As we examine this descriptive story from Luke, I believe that we are prompted by the Holy Spirit to note a very important historical anomaly. By the power of that same Spirit, we see that Luke deviated to the higher number to state a different, increased number of “sent ones”.
 When we consider this, if we note the normally accepted setting and time of this gospel writing… we know that Luke wrote to the communities of the dispersed Israel. Thus historically, we know that these diaspora communities across the ancient Roman world were receiving many proselytes to their faith who were not Jews.., but were instead were Gentiles. Thus I must consider the thinking that Luke stressed the greater number deliberately… to fit his context… so that mission out into the Gentile nations would be more greatly stressed. Therefore, being more inclusive from a Jewish faith community that was originally rather exclusive in the commissioning of the original twelve apostles, the scribal pen of Luke described the mission driven to reach much farther… to seventy, or seventy two tribes.
 Obviously, today we find the last days were further off than first thought. But we know that the Lukan figure represents the historic Hebrew numbering of tribes that were “not” Israel. In this way, Luke related to his churches that the apostolic mission was to go far beyond anyone’s previous myopic human horizon. The church mission, according to Luke, is far more universal in its field.
 We must note with importance, however, that what applied to the twelve disciples, also applied to the seventy plus... for our Lord stressed that some will hear and some will not. This included Israel and beyond. Thus it is that we, as disciples today even further removed in time, also shall experience unbelief, hardship, persecutions and all the woes of those who believe. We too work forward in a sin-ridden, unbelieving world. Yet, far be it that we should experience forsakenness in mission. You see, though sinful ourselves and prone to stumble, we can rejoice that through no merit of our own we have been forgiven and are chosen for mission in this modern, heavy-laden scientific society. By power of the Holy Spirit, we of the church are called yet to proclaim.

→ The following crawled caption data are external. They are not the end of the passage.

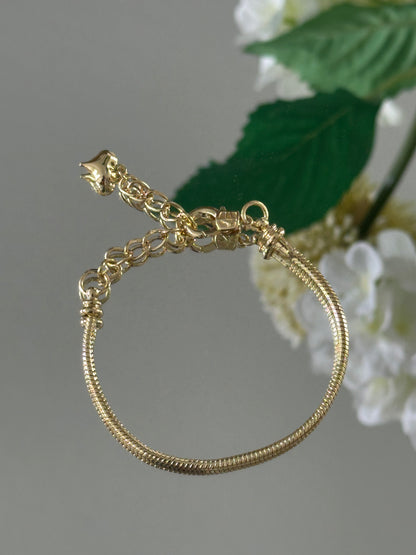 Venezuela Snacks Charm Bracelet – Brazalete de Souvenirs Venezolanos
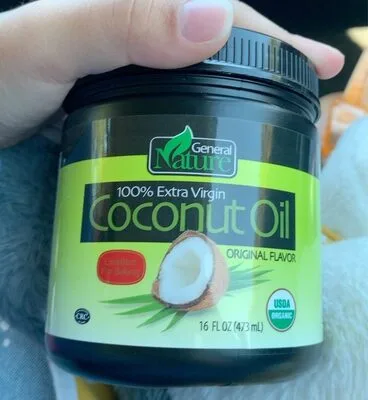 Coconut oil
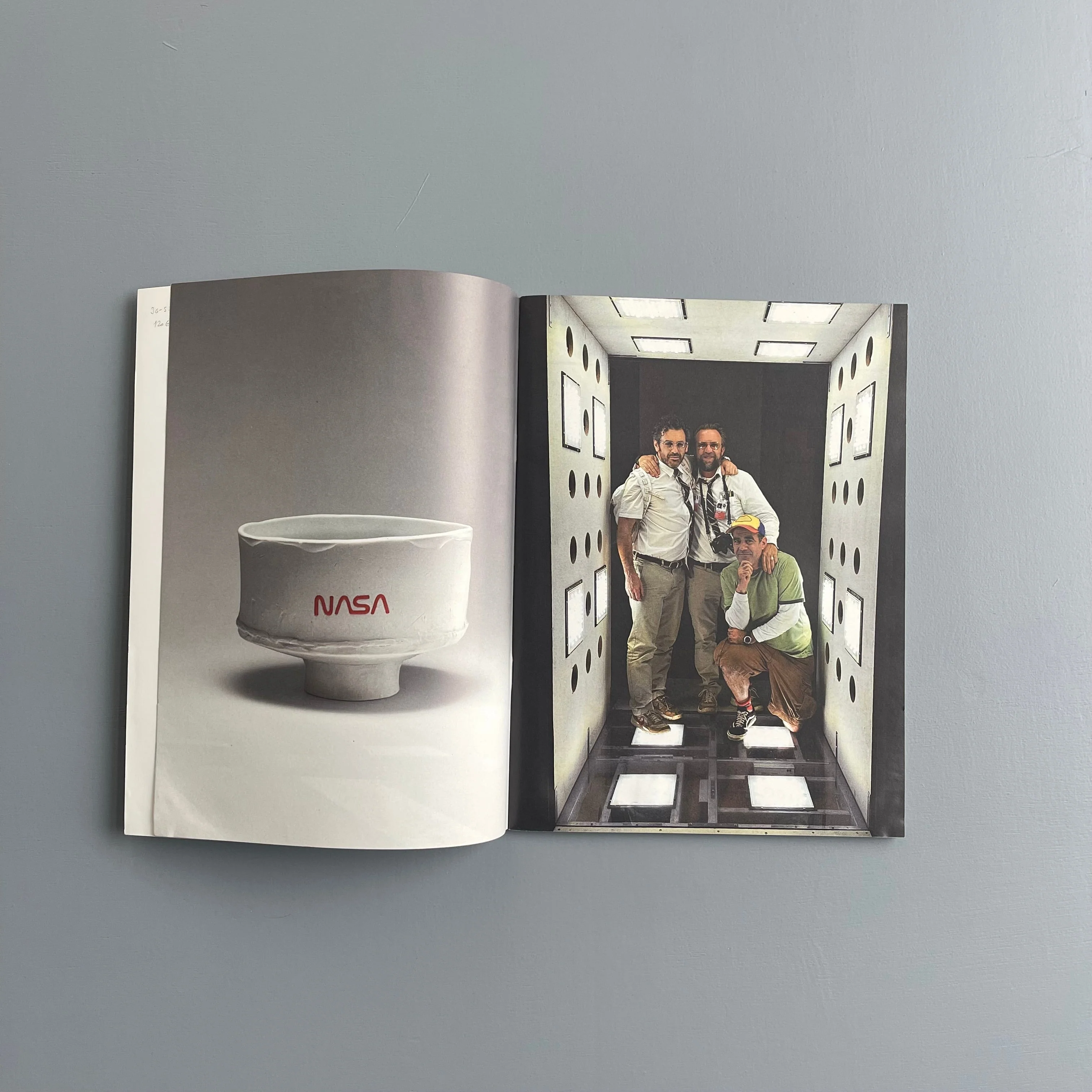 Tom Sachs - Bricolage - Purple Book 2014 - Image 2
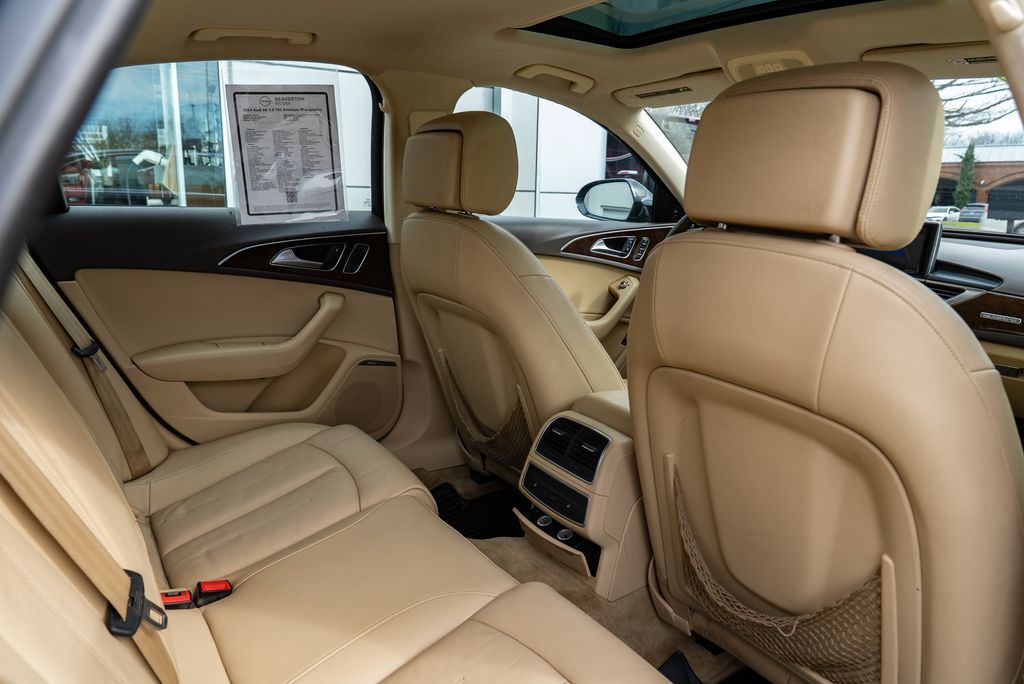 2014 Audi A6 3.0 TDI Premium Plus Beaverton OR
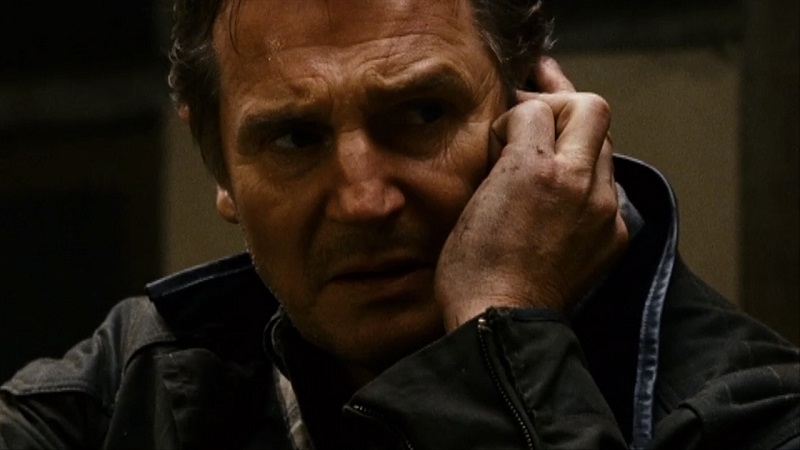 liam neeson uprowadzona 3 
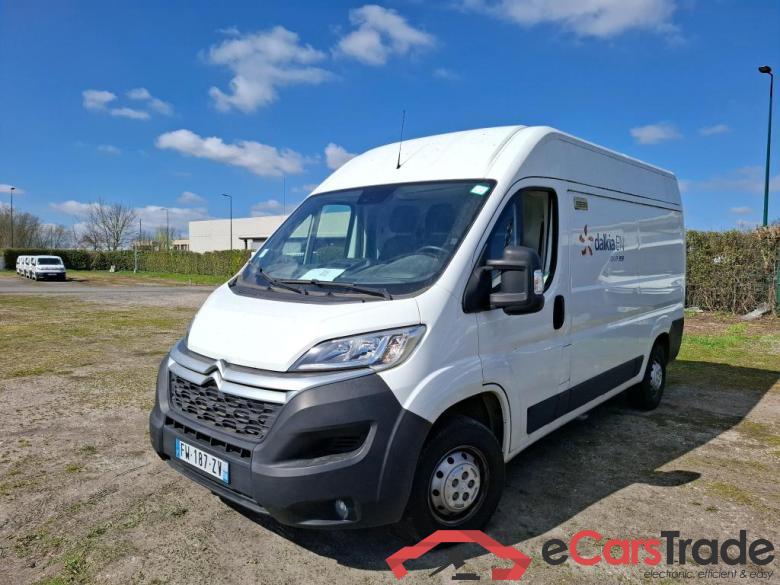 Citroen 33 L2H2 BlueHDi 140 S&S BVM6 Driver Jumper Fourgon Grand Volume 33 L2H2 Driver BlueHDi 140 Start&Stop 140CV BVM6 #1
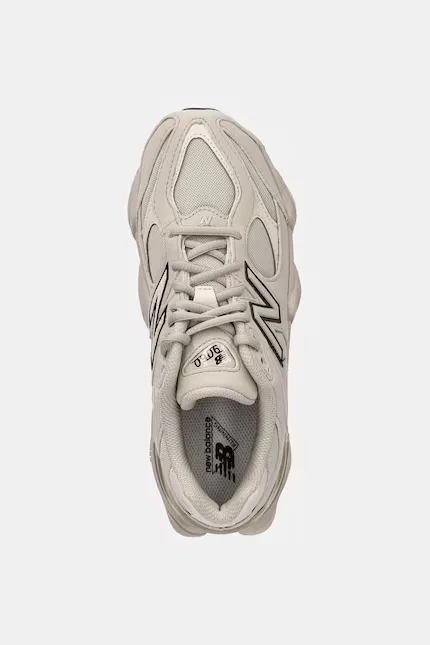 Кроссовки, бежевый 9060 New Balance — фото 4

We know that even though we are more numerous than our predecessors in the faith, and may open constantly our mouths to boldly declare the good news of Jesus Christ’s death and resurrection for our sake.., that this word we speak shall be heard, but not received by all.
 Finally, know this! By the grace of God, the throne of Satan and his demonic powers shall be unseated as our collective voice rings out. Knowing this final result, though not always extant to us because of our own sin and stubbornness, we are gently reminded of the love of Christ by the gift of the Holy Spirit. We are reminded that as prophesied by our Lord Jesus, and written from St John’s Revelation… that our names are indeed written in heaven. Jesus is the Alpha and the Omega, the Beginning and the End… and He shall reign forever and ever. Thanks be to God!